White Sox

White Sox confident Rick Renteria can change clubhouse culture

White Sox confident Rick Renteria can change clubhouse culture

When Robin Ventura announced Sunday he wouldn’t return as manager, one of his main reasons for coming to his decision was the need for a “new voice” into the clubhouse. The White Sox view Rick Renteria, despite his bench coach perch next to Ventura in 2016, as providing that new voice. 

White Sox general manager Rick Hahn bristled at the notion that hiring Renteria signaled that this franchise prioritized continuity in the dugout after four consecutive losing seasons. So while Renteria was here for 2016’s 78-win campaign, Hahn believes Renteria will now have the platform to put his own stamp on a club that owns the American League's second-longest playoff drought. 

So, for Hahn, it's less about clubhouse continuity and more about hiring a guy who knows where change needs to be made to pull this franchise out of being mired in mediocrity.

“It’s a completely different role,” Hahn said. “I think his familiarity with the clubhouse culture will help his initial understanding, or already has, about what needs to be improved. Him having already been there for a year and having those relationships will help improve his ability to execute that plan and make it likelier it’s going to be more successful from the start. 

“But when a guy changes roles, there’s a different legitimacy that comes from being the guy in the big chair, so to speak, from being the manager — his influence is going to be greater than it is as the bench coach. He had a tremendous influence on our other coaches, which I think is going to continue. He had a tremendous influence on our players in a positive way, which I think is going to continue. But once he’s in the managerial chair and has the ultimate final say, I think you’re going to see a real change.”

[SHOP: Gear up, White Sox fans!] 

The White Sox, fair or not, had two separate incidents that made national headlines and cast a negative light on the clubhouse culture — players’ emphatic, public defense of Adam LaRoche in spring training, and ace Chris Sale’s destruction of the team’s 1976 throwback jerseys that earned him a five-day suspension. 

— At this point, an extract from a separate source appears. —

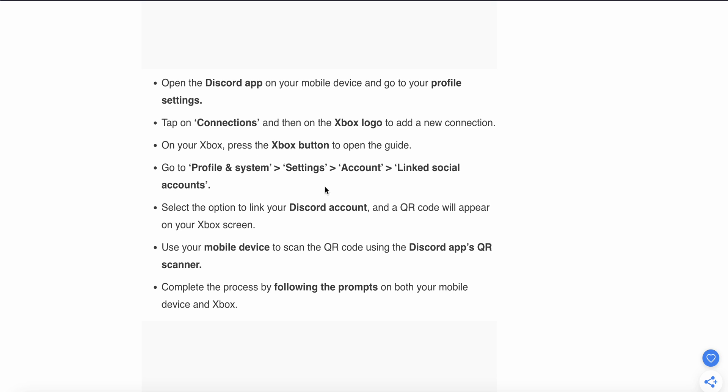Select the option to link your Discord account and a QR code will appear on your Xbox screen. Use your mobile device to scan the QR code using the Discord app QR scanner, then complete the process by following the prompts on both your mobile device and Xbox.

Of course, a winning season and contending for the playoffs would’ve pushed whatever negative vibes existed off to the side (the team's 23-10 start quickly made the LaRoche stuff a non-story). But Renteria will take over managerial duties with a more positive, rah-rah tone than Ventura’s even-keel approach. 

“I think (Renteria’s) got a lot of qualities that Robin has,” outfielder Adam Eaton said. “Maybe a little more vocal. He definitely will get his point across a little more, vocally. Not that he has more passion than Robin or anything like that, but he’s a little more upbeat, a little more bouncy. He’s kind of a bundle of baseball joy.”

Hahn said the White Sox would’ve hired Renteria for this position even had he not been with the organization for the last year, but noted that those pre-existing relationships and the ability to evaluate him all season helped bolster his case. 

It’s clear the White Sox, who haven't made the playoffs since 2008 (only the Seattle Mariners, at 15 years, have a longer playoff drought in the AL, while the Miami Marlins haven't reached the postseason in 13 years) need things to change. From the front office’s perspective, the guy to help change things for the better was sitting next to Ventura the whole season. 

“I don’t view hiring a guy who has been here for a year and in our opinion is a candidate who would be on the market in the offseason would be a big triumph for continuity,” Hahn said. “It’s a triumph for finding the highest caliber individual who’s the best fit for us going forward and making that person the manager.” 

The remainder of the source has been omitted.